Time To Stop Complaining and Get Involved| 0
We receive a lot of inquiries (and some complaints) at NORML from those who favor legalization and wonder why we continue to focus on a state-based strategy instead of focusing on Congress. The belief is that Congress could legalize marijuana in one fell swoop if they wanted to do so.
It’s a reasonable question, but there are valid reasons for the current strategy.
Congress Is Not Yet In Play
Congress is comprised of 535 members elected from all parts of the country, representing a wide range of political views. Congress never leads the way on social issues. Historically, it’s an institution that changes slowly by increments and generally only after a majority of the states have already adopted those changes. Congress is always slower to embrace policy change than the American public.
Even if we wanted to convince Congress to legalize marijuana under federal law and take the issue out of the hands of the states (a strategy favored by only 34% of Americans; 60% favor allowing states to control marijuana policy), we simply do not yet have the political support in Congress to achieve that result. In addition, if we waited for majority support in Congress before we tried to move legalization forward, we would still have prohibition in effect in every state with no exceptions for medical use or full legalization. Without those experiments at the state level, we would have no real data regarding how legalization actually works, data that is driving the legalization movement forward.
There are also historical reasons justifying the state-based approach. When we finally ended alcohol prohibition in 1931, the Congress did not simply declare alcohol legal throughout the country. They removed federal laws that conflicted with legalization and allowed the states to adopt whatever alcohol policies they wanted. Those that wished to legalize alcohol were free to do so, but, similarly, those states that wanted to continue the criminal prohibition of alcohol were free to do that. Alcohol policy was treated as a states’ rights issue, and it remains the same today. In fact, there remain a few “dry” counties in several states today, remnants of that earlier failed policy.
It is likely that when Congress does finally act, they too will respect the will of those states that may not yet be ready to adopt legal marijuana.

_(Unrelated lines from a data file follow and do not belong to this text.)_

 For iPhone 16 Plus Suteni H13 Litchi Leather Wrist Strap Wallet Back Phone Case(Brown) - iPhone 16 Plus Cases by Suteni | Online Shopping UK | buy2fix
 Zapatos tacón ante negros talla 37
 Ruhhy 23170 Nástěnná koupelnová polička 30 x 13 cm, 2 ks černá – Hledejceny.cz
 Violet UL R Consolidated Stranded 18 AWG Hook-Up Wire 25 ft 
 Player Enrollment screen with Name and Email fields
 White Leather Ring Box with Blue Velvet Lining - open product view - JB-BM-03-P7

They will almost certainly back the federal government out of the way and allow those states that wish to legalize to do so, free from federal interference. They will not attempt to ram legalization through as a federal policy that states have to follow, nor should they.
The New “States’ Rights”
For those of my generation and older, the term “states’ rights” is a loaded term that makes many of us nervous because, for many decades, it was used to justify racial segregation in the south. Only after the Supreme Court ended school segregation in Brown v Board of Education in 1954 did the states’ rights arguments begin to lose ground as a justification for the policy then called “separate but equal.” It is with some trepidation that those of us who support legalizing marijuana also find ourselves relying on the states’ rights argument to move the issue forward.
Nonetheless, the reality of today’s political environment is that we can continue to make substantial progress towards marijuana legalization, one state at a time, by picking and choosing the states with the strongest public support for legalization. Even if our goal were to achieve legalization under federal law, it would take several more years for any of that progress.

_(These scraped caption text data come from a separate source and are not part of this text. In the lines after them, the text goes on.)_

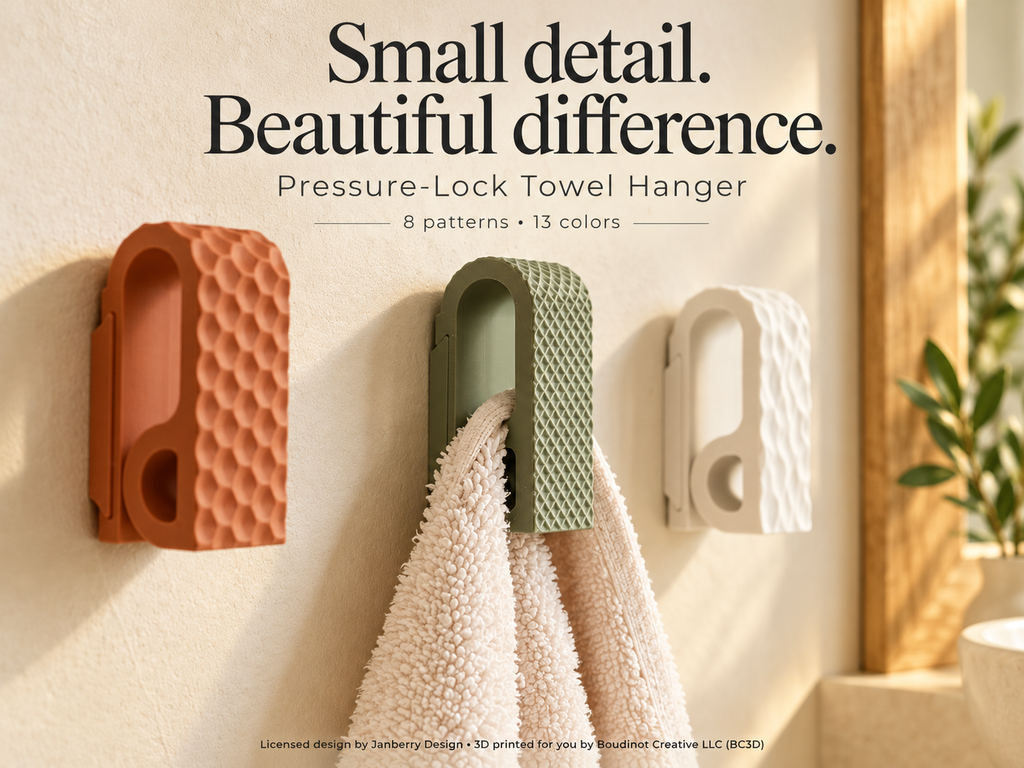 Pressure Lock Towel Hanger, 8 Patterns - Adhesive or Screw Mount | 2 or 4 Pack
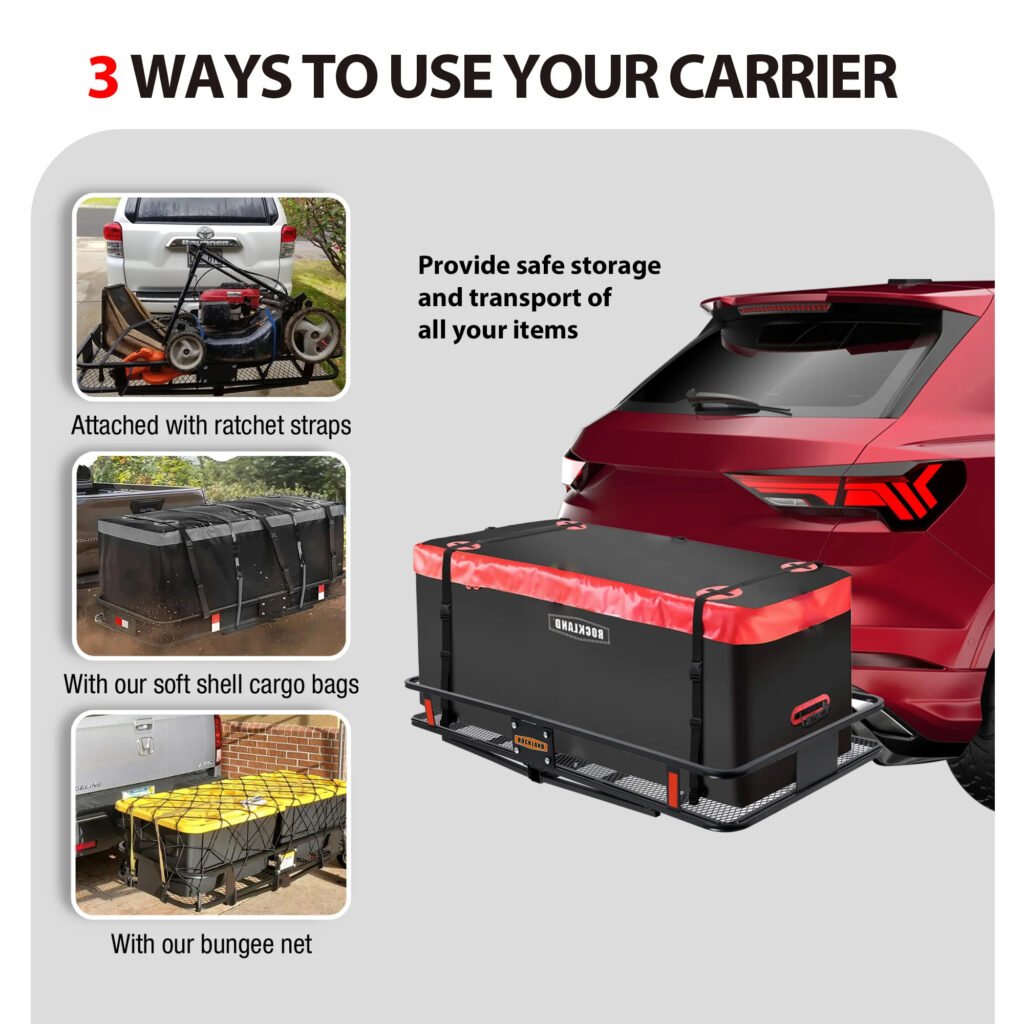 500 lb foldable hitch cargo carrier heavy duty luggage basket 60 x 20 inches for 2 inch receiver vehicle cargo rack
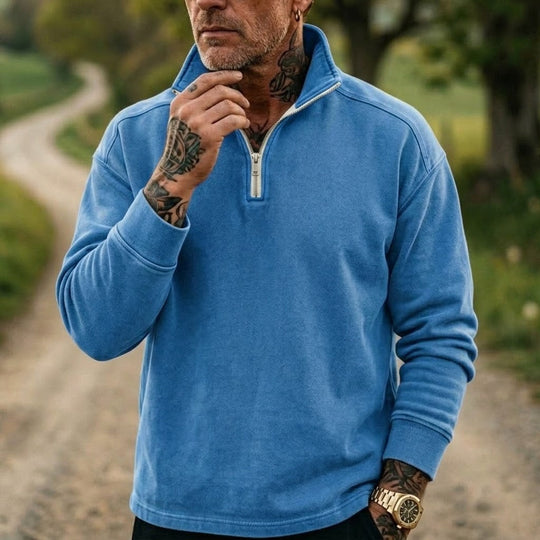 Herren-Denim-Sweatshirt mit 1/4-Reißverschluss
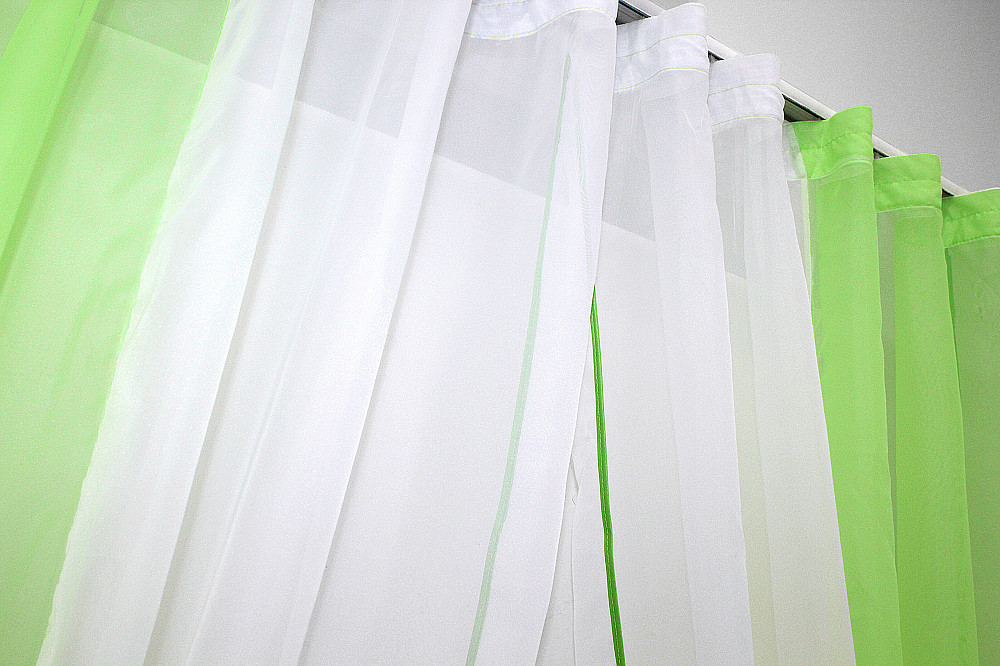 Кухонные шторы VR-Textil № 017к комбинированные с подвязками салатовый с белым 265х170 см (50-037) Киев - изображение 5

It’s Time To Get Serious With Congress
As I acknowledged, we do not yet have the necessary support in Congress to legalize marijuana federally or even to remove those federal laws that are in conflict with the various state legalization laws. These federal laws hang over state laws like the proverbial sword of Damocles. President Obama showed the courage to hold the Department of Justice back and to allow the states to implement their new marijuana laws without federal interference. A future administration, not as willing to permit the states that freedom, might well use the current federal law to roll back state legalization. We therefore absolutely must change federal law to protect these states that are willing to experiment with alternatives to prohibition.

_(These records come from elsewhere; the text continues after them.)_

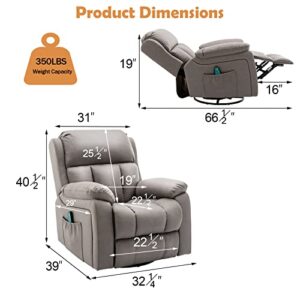 HOMREST Microfiber Technology Cloth Massage Recliner Chair with Heated, 360 Degree Swivel Rocker Recliner Chair, Leather Reclining Sofa with Side Pocket for Living Room, (Coffee)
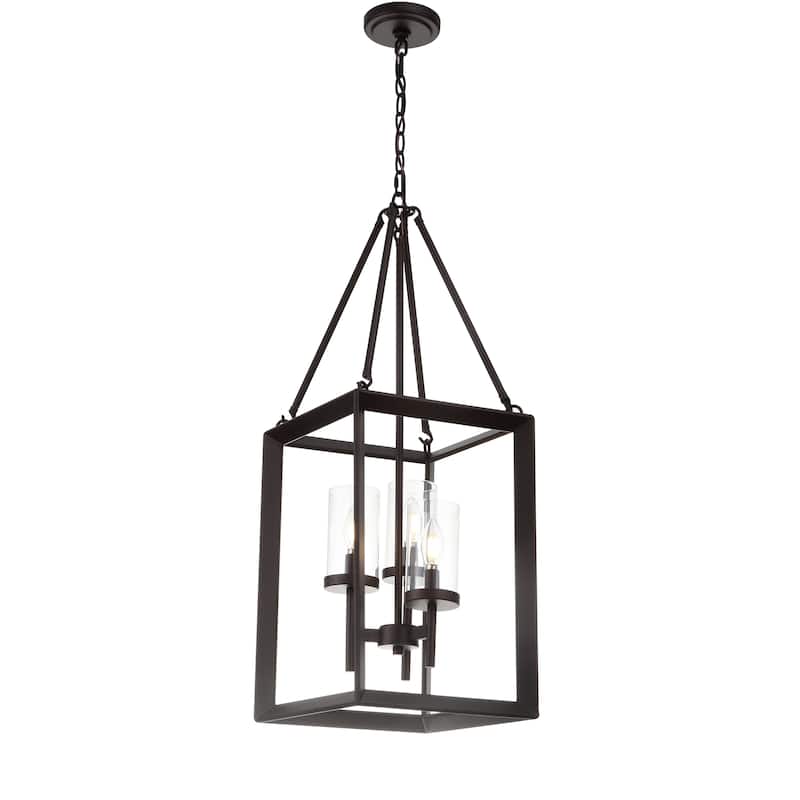 Gloria 12" 3-light Metal/Glass LED Pendant, Oil Rubbed Bronze by JONATHAN Y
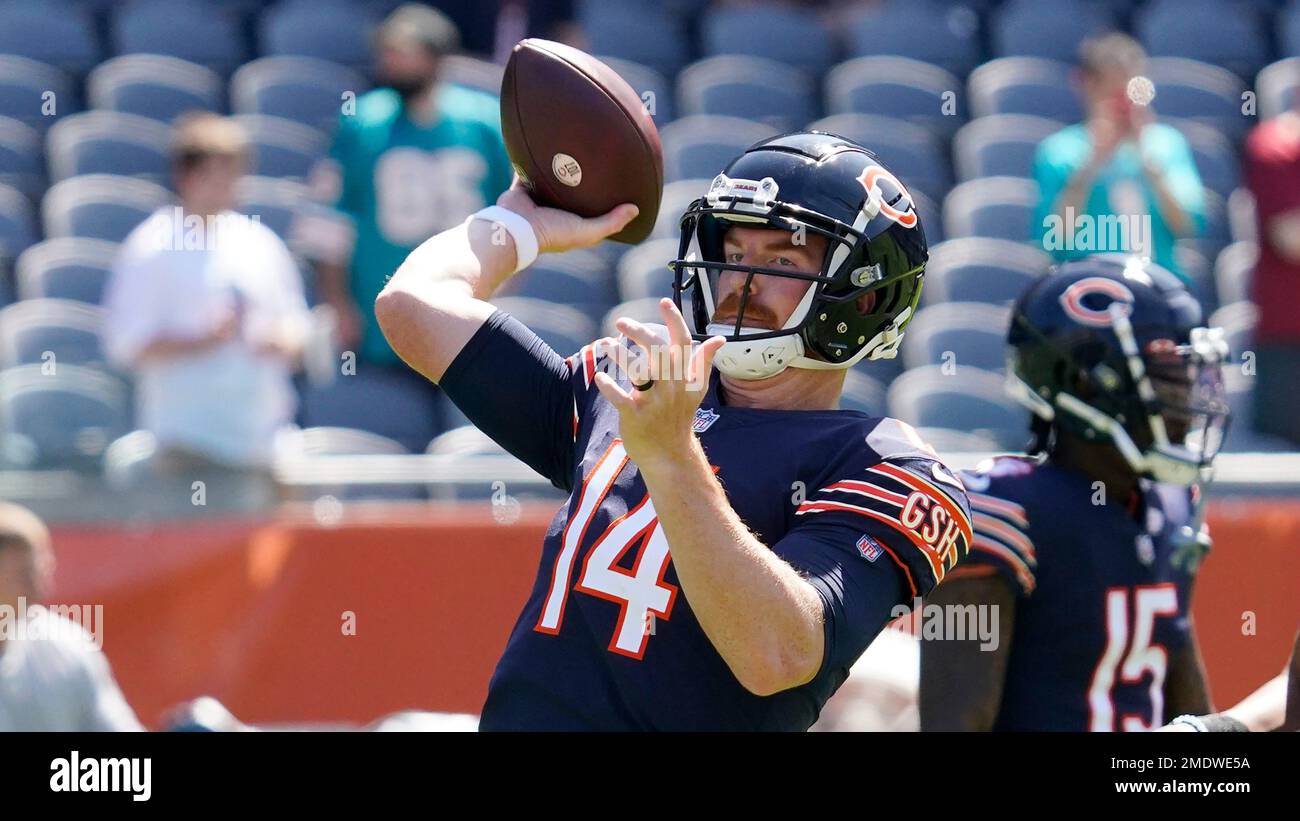 Chicago Bears quarterback Andy Dalton (14) runs the ball against the  Cincinnati Bengals during an NFL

Today, there are at least 14 marijuana-related bills pending in Congress, calling on Congress to reform or repeal different aspects of federal prohibition. These proposals would recognize the medical use of marijuana under federal law; allow legal marijuana businesses in the states to operate like other legal businesses, including the availability of banking and financial services; legalize industrial hemp, and remove marijuana altogether from the federal Controlled Substances Act. Here is a link to those pending bills, along with sample letters making it easy for you to contact your members of Congress to urge their support.
NORML’s 2016 Congressional Lobby Day
For those who are ready to get more personally involved in changing federal law, I would urge you to attend the two-day NORML Congressional Lobby Day scheduled for May 23 and 24 in Washington, DC. Whether you are a longtime activist, a young college student, a medical marijuana patient, a marijuana smoker, or someone who opposes prohibition, this is an opportunity to meet like-minded individuals from across the country and get a glimpse into the Capitol Hill lawmaking process. It is an exhilarating experience for anyone who has taken the time to come to DC to lobby their members of Congress.
Changing federal law is never simple, and changing federal marijuana laws is especially challenging. But the necessary changes will not occur on their own, and you can make a real difference and help speed this process along by joining us in Washington, DC for the 2016 NORML Congressional Lobby Day.
Please register here and plan to join us in your nation’s capitol. It’s time to stop complaining and to roll-up your sleeves and get involved.
Hope to see you in DC to help send a strong message to Congress: there is nothing wrong with the responsible use of marijuana, and it’s time we ended prohibition and stopped treating smokers like criminals.